In the example case, we have used the MuonEG MiniAOD dataset with 353 input files. For that number of files, we deployed a cluster with 90 nodes 4-vCPU nodes, providing a total of 360 vCPUs. We can therefore define a workflow with 353 parallel jobs and have a close to full occupation of the cluster.
The relevant Terraform input variables fur such cluster are
project_id = "<PROJECT_ID>"
region = "europe-west4"
gke_num_nodes = 30
Note that as the “zone” (a, b or c in the location name, e.g. europe-west4-a) is not defined, the cluster will have 30 nodes in each zone, in total 90.
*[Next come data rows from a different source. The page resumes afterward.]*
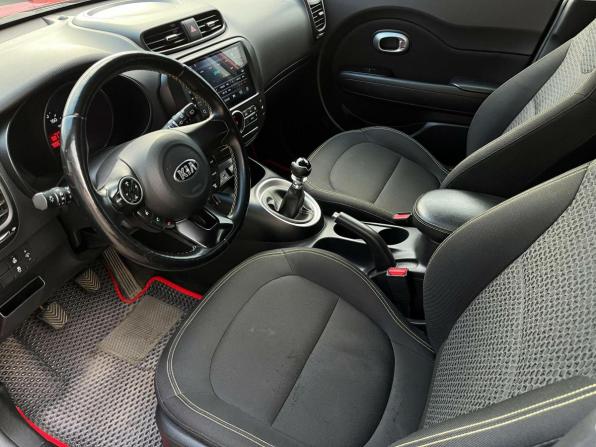Kia Soul II с пробегом 2015 года, цена 1 236 250 рублей, 93500 км, хэтчбек, Автокод Объявления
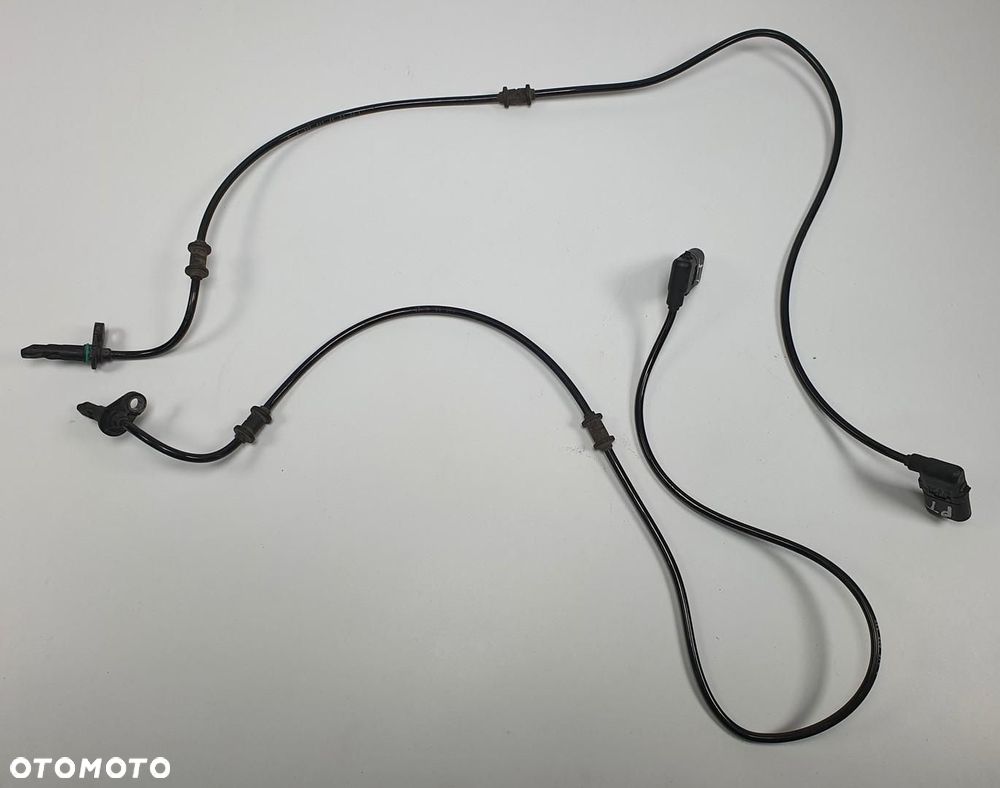 CZUJNIK ABS ABSU PRZEWÓD TYŁ TYLNY MERCEDES W205 A2059058503 - 5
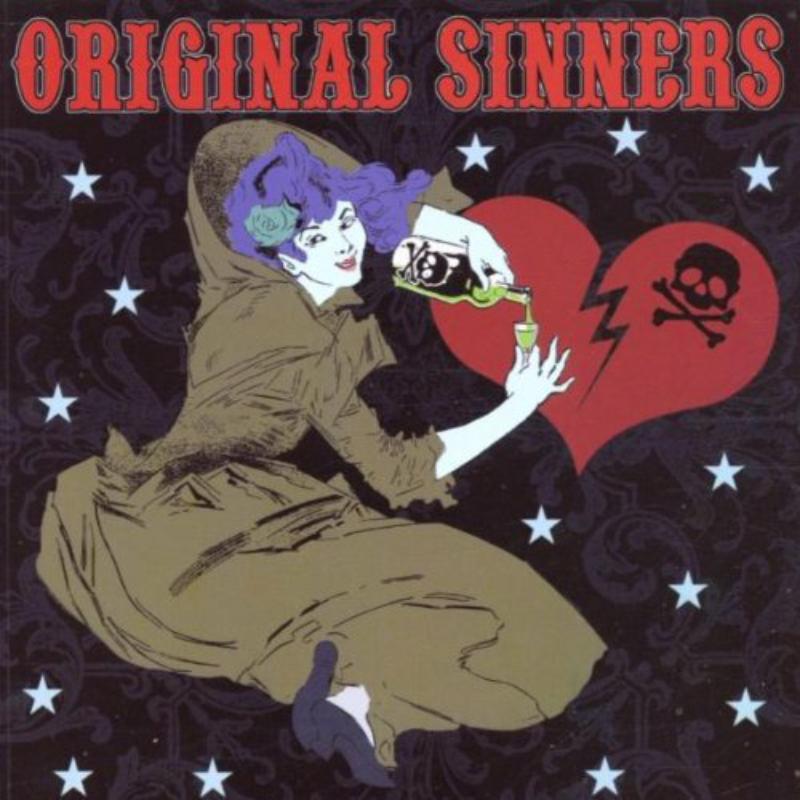 Original Sinners - Original Sinners - Cd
Alternatively, a smaller cluster would be less expensive per unit time but the processing takes a longer. In the benchmarking, a large cluster was found to be practical.
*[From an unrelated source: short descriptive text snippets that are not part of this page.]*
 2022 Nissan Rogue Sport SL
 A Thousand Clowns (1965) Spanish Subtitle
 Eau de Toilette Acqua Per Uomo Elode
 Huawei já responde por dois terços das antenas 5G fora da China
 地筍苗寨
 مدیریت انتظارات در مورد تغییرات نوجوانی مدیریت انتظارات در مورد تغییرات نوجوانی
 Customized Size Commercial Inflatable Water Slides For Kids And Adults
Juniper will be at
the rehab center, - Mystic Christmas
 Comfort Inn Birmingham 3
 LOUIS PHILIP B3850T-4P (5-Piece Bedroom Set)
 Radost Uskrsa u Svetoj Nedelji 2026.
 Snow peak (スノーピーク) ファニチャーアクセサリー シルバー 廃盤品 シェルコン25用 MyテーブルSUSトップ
GCP sets quotas to resources, and you can either increase them - to a certain limit - or request a quota increase.
You will notice when you go beyond the predefined quota from this type of message during the cluster creation:
[...]
Error: error creating NodePool: googleapi: Error 403:
Error waiting for creating GKE cluster: Insufficient quota to satisfy the request:
If that happens, go to the Quotas & System Limits page at the Google Cloud Console. The link is also in the error message. Search for quotas that you need to increase.
For a cluster with a big number of nodes, you must increase the quotas for “CPUs” and “In-use regional external IPv4 addresses”. You might see something like this:

(In this case, the number of CPUs was increased, but the cluster creation failes because “In-use regional external IPv4 addresses” was too low.)
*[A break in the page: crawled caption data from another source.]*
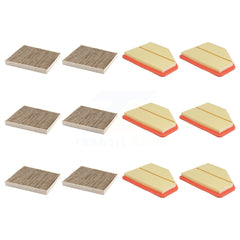 PUR KFL-103017 Air Filter for 2016-2019 Chevrolet Volt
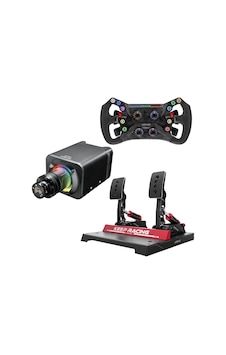 Simagic Alpha Evo Pro Gt Neo P1000f Direksiyon Seti Bundle Simagic Alpha Evo Pro Gt Neo P1000f Direksiyon Seti Bundle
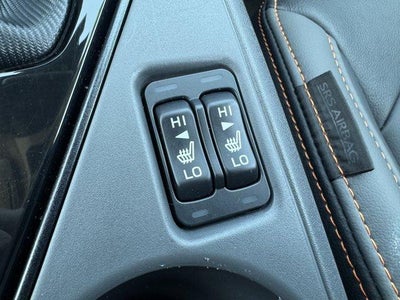 2025 Subaru Crosstrek Limited AWD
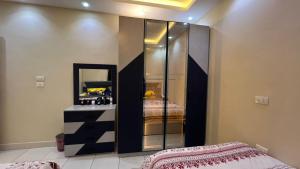 CAI-TRANSIT 3Bedroom-Taxi free 2 way - 12min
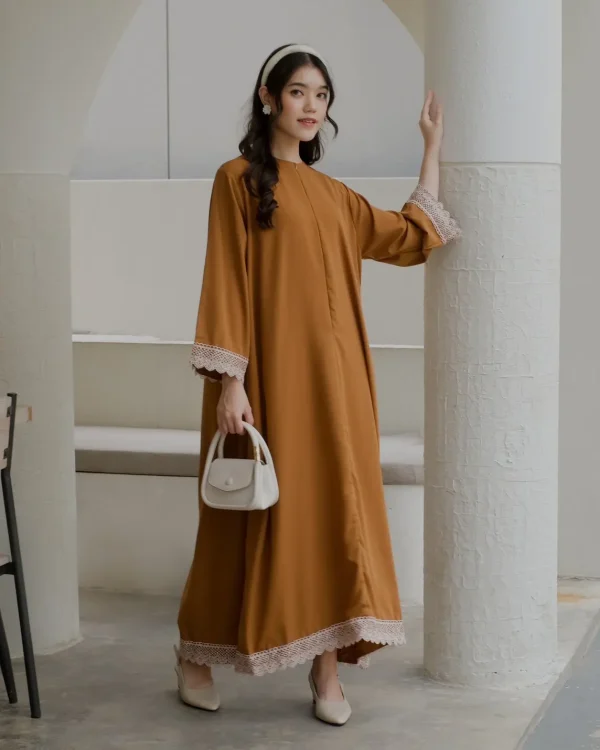 Alaura Maxi Dress foto 4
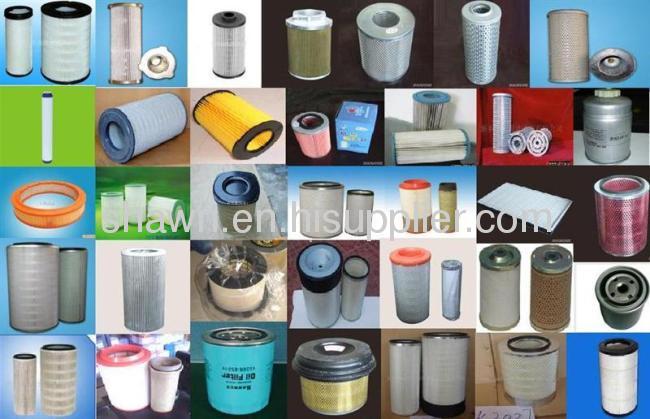 High efficiency of water filter element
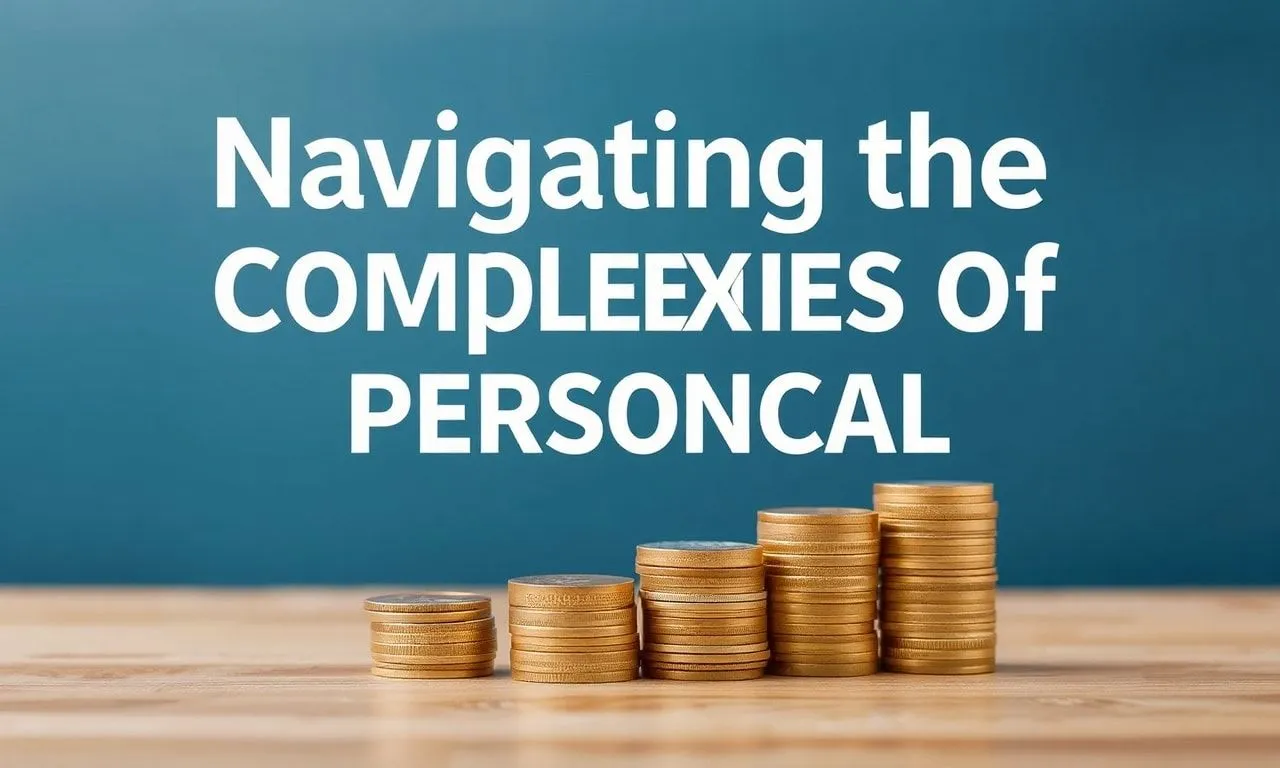 Navigating the Complexities of Personal Finance: A Comprehensive Guide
Once you find the quota line, click on the three vertical dots and choose “Edit quota”.
If you can’t increase them to desired value, submit a quota increase request through the form as explained in the Google Cloud quota documentation. You will receive an email with increase request approved (or rarely denied if the location is down in resources). It is usually immediate, but takes some minutes to propagate.
If the editable limits are too low and you cannot find the form, read to the discussion in the next section.
Autoscaling
The Terraform script gke.tf
has the autoscaling
activated. This makes the cluster scale up or down according to
resources in use. This reduces the cost in particular for a cluster with
a big amount of nodes. It often happens that some jobs run longer than
the others, and in that case the cluster lifetime (and the cost) is
defined by the longest job. Autoscaling removes the nodes once they do
not have active processes running.
Costs
Cluster management fee
For the GKE “Standard” cluster, there’s a cluster management fee of $0.10 per hour.
CPU and memory
The cost is determined by the machine and disk type and is per time. Processing the full MuonEG MiniAOD dataset with 353 input files running 353 parallel jobs on a 90-node cluster costed around 80 USD and took 7 to 9 hours, depending on the chosen machine type.
The graph shows the time and price for clusters of 12, 24 and 90 nodes, the latter with two different machine types.

The cost for CPU is more than half of the total price, and the memory contributes one third of it, as shown in this example graph:

The cluster usage contributes to the cost through data transfer and networking, but for this example case it is minimal.
Data download
Downloading the resulting output files would have costed some 40 USD.
Key Points
- The resource request should be set so that one job runs in one vCPU.
- Basic kubectl command
kubetcl top pods
can be used to inspect the resource consumption during a test job. - The optimal number of nodes in a cluster depends on the number of files in the dataset, and it should be chosen so that each job has the same number of files.
- A large cluster running for a short time was found to be the most convenient.
- Autoscaling can reduce the cost as it shuts down and deletes the nodes when all jobs on the node have finished.